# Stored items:
•••••

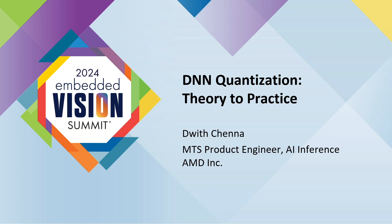Good afternoon, everyone. I'm Dwith Chenna, as Tom introduced.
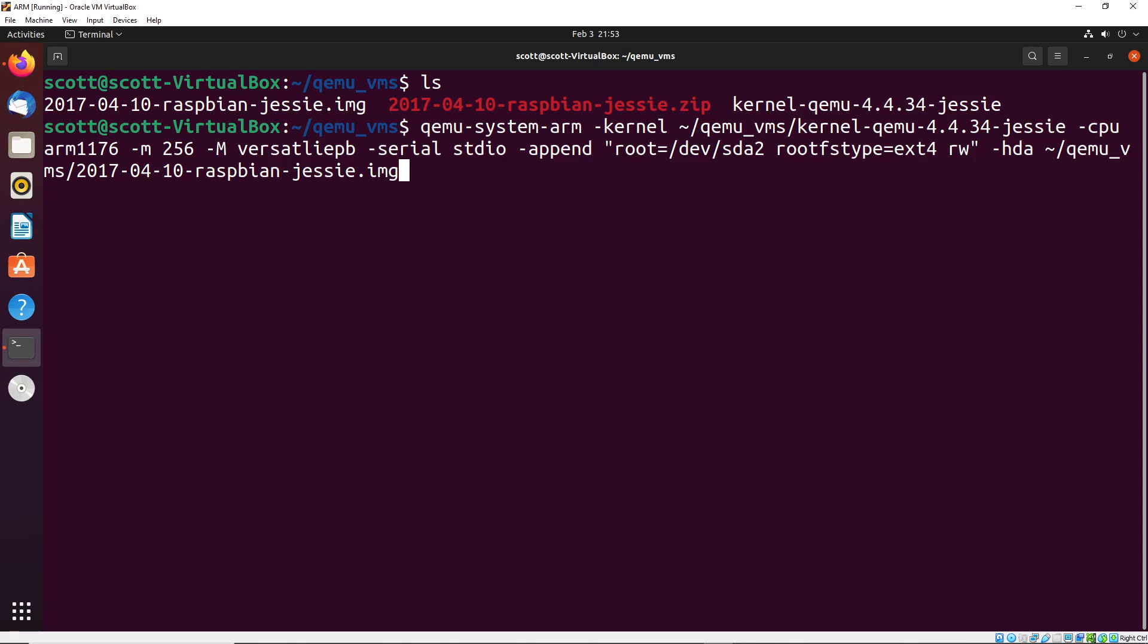So to do that, we can just do the following: we do -nic, they're going to say user comma, host forward equals TCP, and then two colons and 5022, two colons 22. So 22 is the port that we're forwarding. So that's the SSH port. 5022 is the port that we're forwarding to. So when we want to connect to SSH on this computer, we're going to use the port 5022. So that'd be the idea of this.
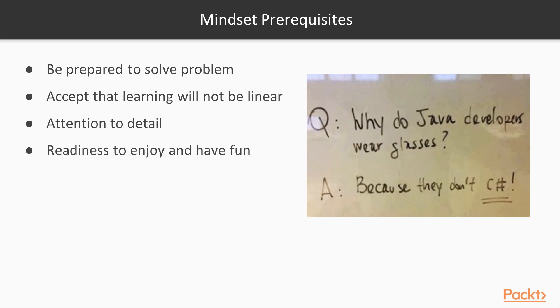And the main thing is readiness to have fun. Let's keep it fun, and that's when we'll absorb and learn the easiest.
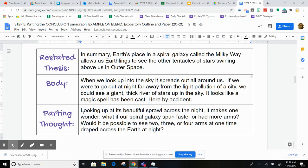And then my parting thought is: looking up at its beautiful sprawl against the night, it makes one wonder — what if our spiral galaxy spun faster or had more arms? Would it be possible to see two, three, or four arms at one time draped across the earth at night? That's the parting thought.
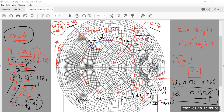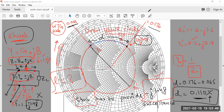We need to move to the next session because this will be done there. Let's continue this example and find out — so far we have determined that the stub must be placed at 0.110 lambda from the load, and the stub must provide minus j1.48 susceptance. Now we need to find the stub length L. We will use this information to find L in the next session.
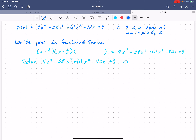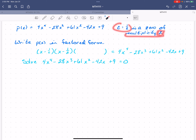It is twice because this zero has a multiplicity of 2. If that multiplicity were 3, then we would divide in 3 times. If that multiplicity were 1, we would only be able to divide in once.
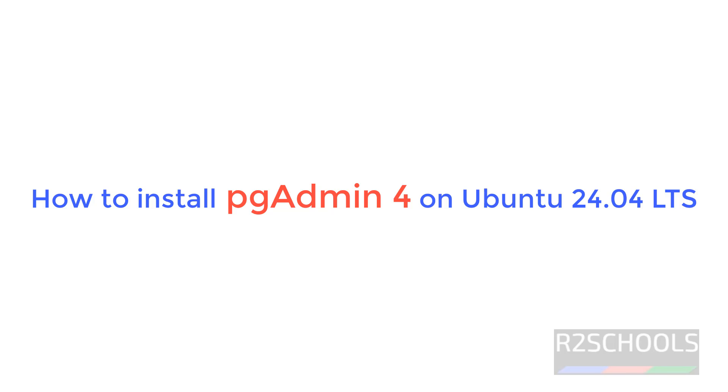Hello guys, in this video we will see how to install pgAdmin 4 on Ubuntu 24.04 LTS.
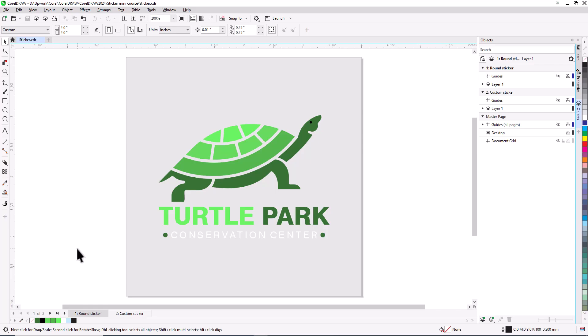Just make sure you know the specifications before you start, such as color mode, file format, cut lines, etc.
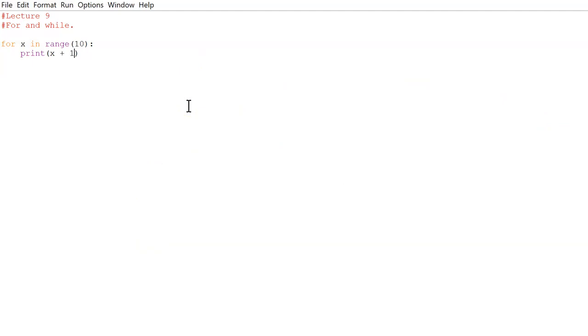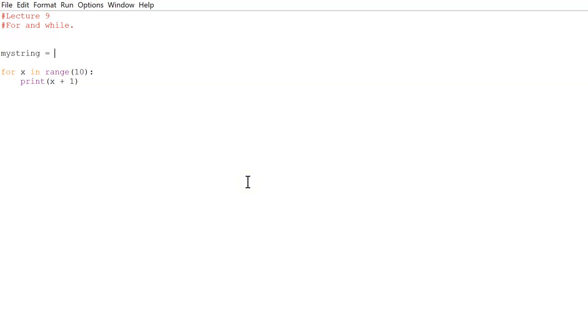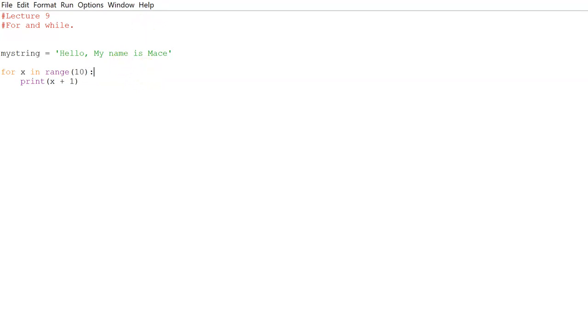So that's your for loop. And that's just the simplest thing you can do inside of for loop. Now let's actually look at what else you can do inside of for loop. So let's pretend there's this string that we want to do. Let's do my string equals hello, my name is Mace. And now we want to go through each of these and print something out for each letter. So what we would do is range length.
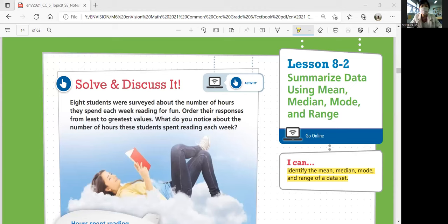Hi, everyone. This is Math 6 Lesson 8-2: Summarize data using mean, median, mode, and range. In this lesson, we'll be able to identify the mean, median, mode, and range of a data set.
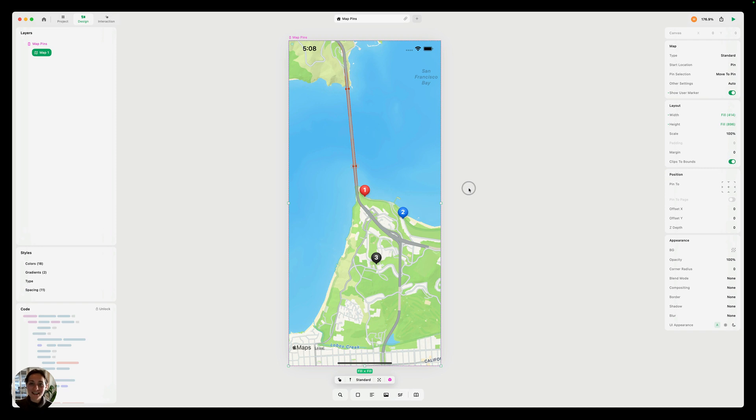Hey, it's Harcourt from Play, and today we're going to talk about how to customize map pins in your designs in Play.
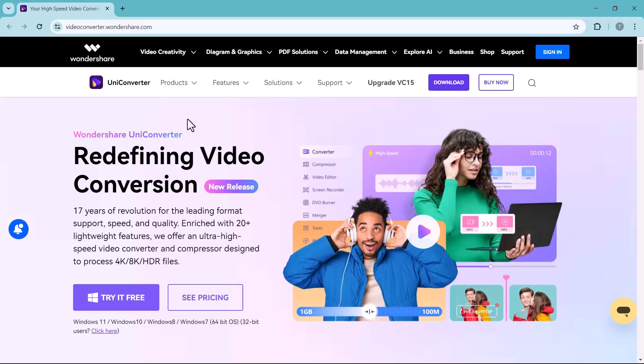Hey everyone and welcome back to my channel TechPro. Are you tired of struggling with video formats that your devices just won't play? Or maybe you need to shrink massive video files? Well, worry not.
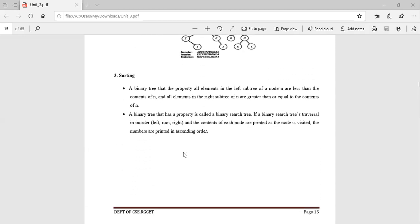Next we have sorting — arranging given elements in ascending or descending order. There are many sorting techniques: bubble sort, quick sort, radix sort, insertion sort, selection sort. Binary tree sorting is also one of the best sorting methods. A binary search tree has the property that all elements in the left subtree of node N are less than N, and all elements in the right subtree are greater than or equal to N.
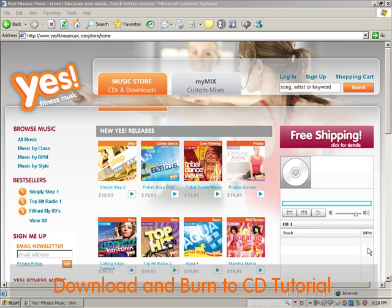Now that you've taken the first step and purchased a download, it's time to learn how to download and import to iTunes to create a playlist so you can burn a CD or transfer it to your iPod.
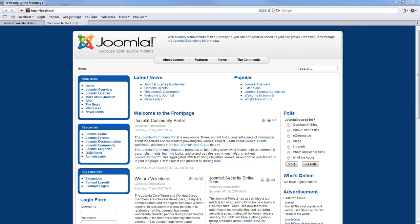Welcome to Richard Banker Web Design Tutorials. Today we are going to look at how to add content to the front page of your Joomla website.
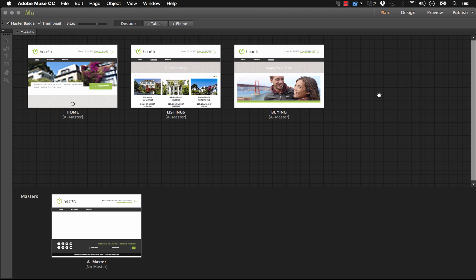Hi there, it's Steve Harris with musethemes.com. Let's take a look at how to publish your website using Adobe's Business Catalyst hosting.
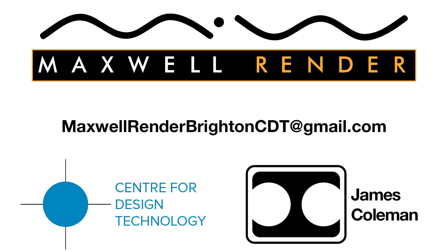For more information about Maxwell Render training at the University of Brighton Centre for Design Technology, email maxwellrenderbrightoncdt at gmail.com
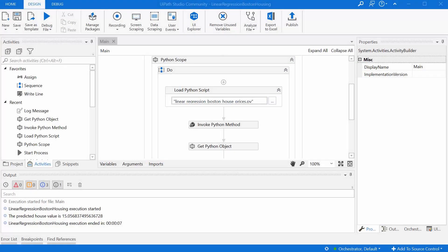Hi guys, Gabi from UiPathHacks here. Today's video is about running a Python script from UiPath and passing back and forth values from the UiPath workflow to the Python script and back.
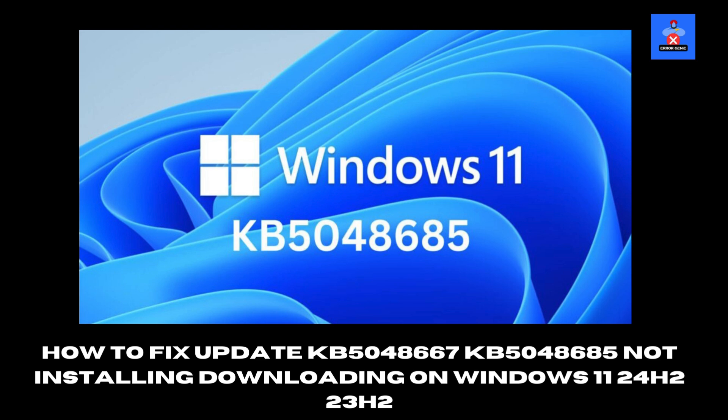Hello everyone, and welcome to Error Genie. In today's video, I'll show you how to fix the issue where Windows Updates KB5048667 or KB5048685 are not installing or downloading on Windows 11, 24H2-23H2. Follow these easy steps to resolve the problem and get your updates installed successfully.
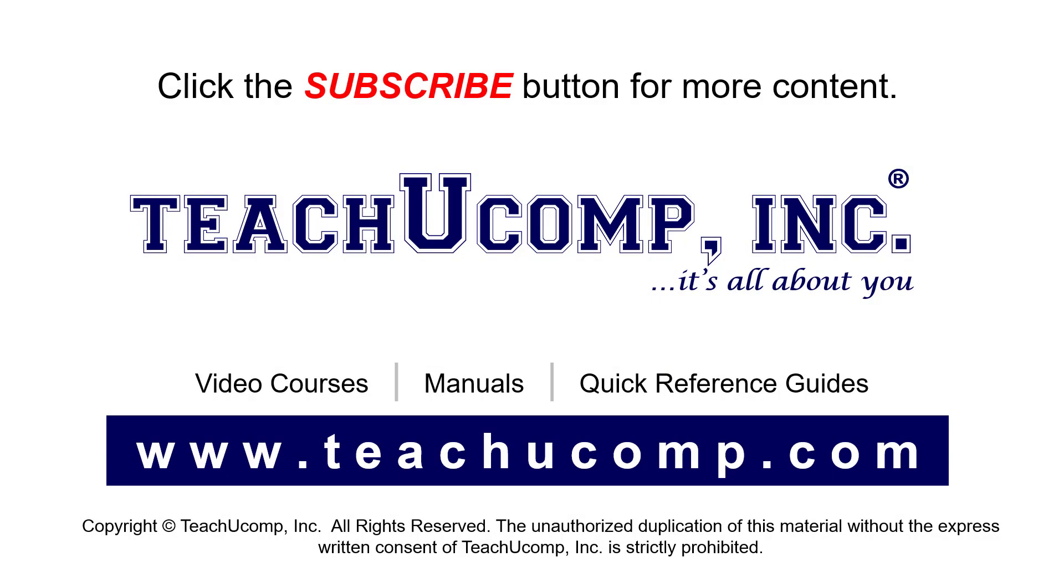Remember to click the subscribe button to see more of our videos. See our full suite of courses, instruction manuals, and quick reference guides at www.teachyucomp.com.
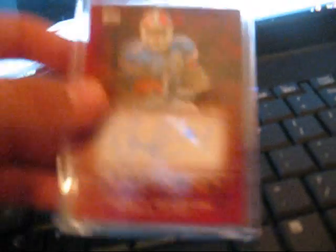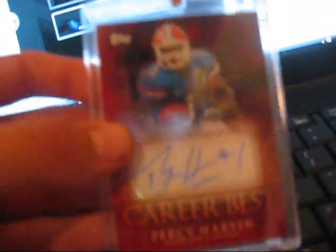Got a Jack Youngblood autograph numbered 25. And another Percy Harvin autograph, unnumbered, for trade. Make me an offer, guys. It's from Topps.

•••••

# Required work:
Set down exactly the lines running from the beginning of the entries above to the line that contains "It is twice", including both, and leave out pictures.

# Task output:
Good afternoon, everyone. I'm Dwith Chenna, as Tom introduced.
So to do that, we can just do the following: we do -nic, they're going to say user comma, host forward equals TCP, and then two colons and 5022, two colons 22. So 22 is the port that we're forwarding. So that's the SSH port. 5022 is the port that we're forwarding to. So when we want to connect to SSH on this computer, we're going to use the port 5022. So that'd be the idea of this.
And the main thing is readiness to have fun. Let's keep it fun, and that's when we'll absorb and learn the easiest.
And then my parting thought is: looking up at its beautiful sprawl against the night, it makes one wonder — what if our spiral galaxy spun faster or had more arms? Would it be possible to see two, three, or four arms at one time draped across the earth at night? That's the parting thought.
We need to move to the next session because this will be done there. Let's continue this example and find out — so far we have determined that the stub must be placed at 0.110 lambda from the load, and the stub must provide minus j1.48 susceptance. Now we need to find the stub length L. We will use this information to find L in the next session.
It is twice because this zero has a multiplicity of 2. If that multiplicity were 3, then we would divide in 3 times. If that multiplicity were 1, we would only be able to divide in once.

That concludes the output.